TASK INPUTS:
_____
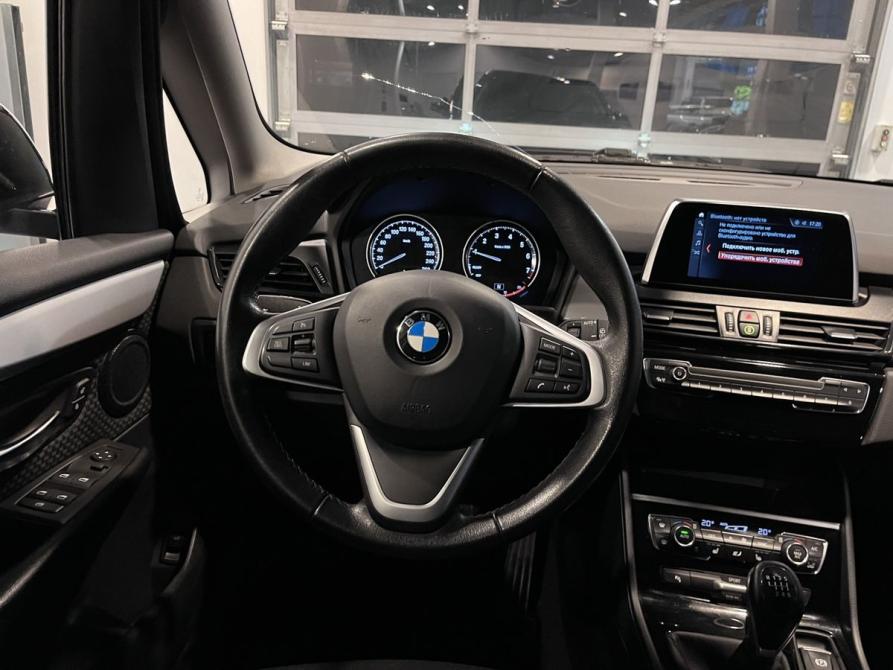 BMW 2 серии Gran Tourer F46 Рестайлинг Чебоксары  - изображение 10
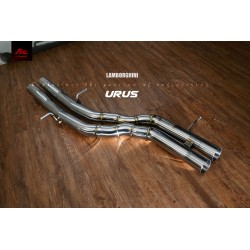 LAMBORGHINI URUS - Valvetronic FI Exhaust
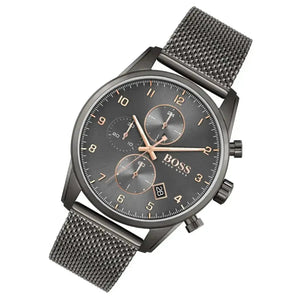 Hugo Boss Skymaster Chronograph Quartz Men's Watch HB1513837 - Watch Enclave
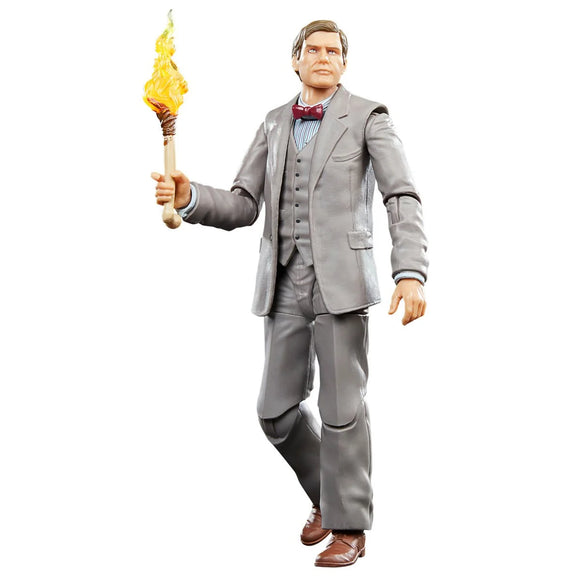 Indiana Jones Adventure Series Dr. Henry Jones Jr. (Professor) 6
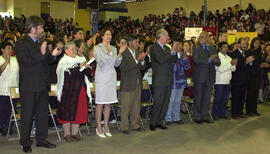 Apertura de nivelación de estudios de programa Chile Califica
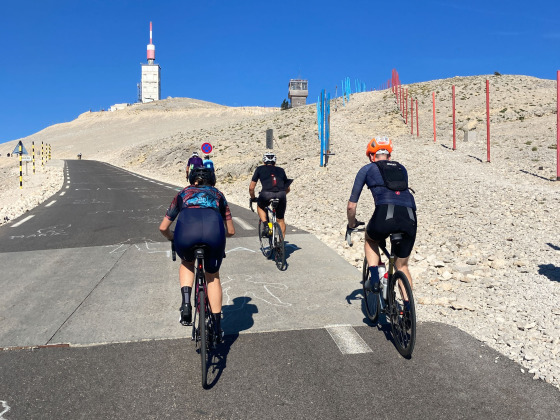 Doneer je fietsafstand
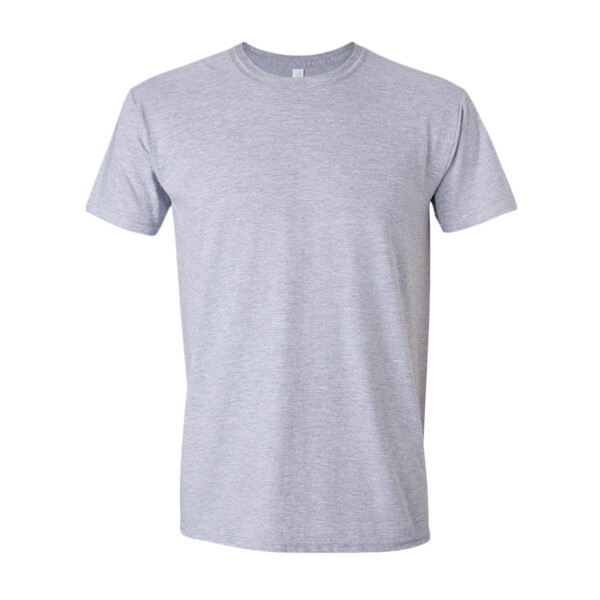 Gildan Softstyle T Shirt 64000 Hardboiledinc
_____
TASK GOAL: Skip the pictures; extract only the lines from the line with "Hugo Boss Skymaster" through the final line of the material, exactly as they appear.

SOLUTION TO THIS EXERCISE:
 Hugo Boss Skymaster Chronograph Quartz Men's Watch HB1513837 - Watch Enclave
 Indiana Jones Adventure Series Dr. Henry Jones Jr. (Professor) 6
 Apertura de nivelación de estudios de programa Chile Califica
 Doneer je fietsafstand
 Gildan Softstyle T Shirt 64000 Hardboiledinc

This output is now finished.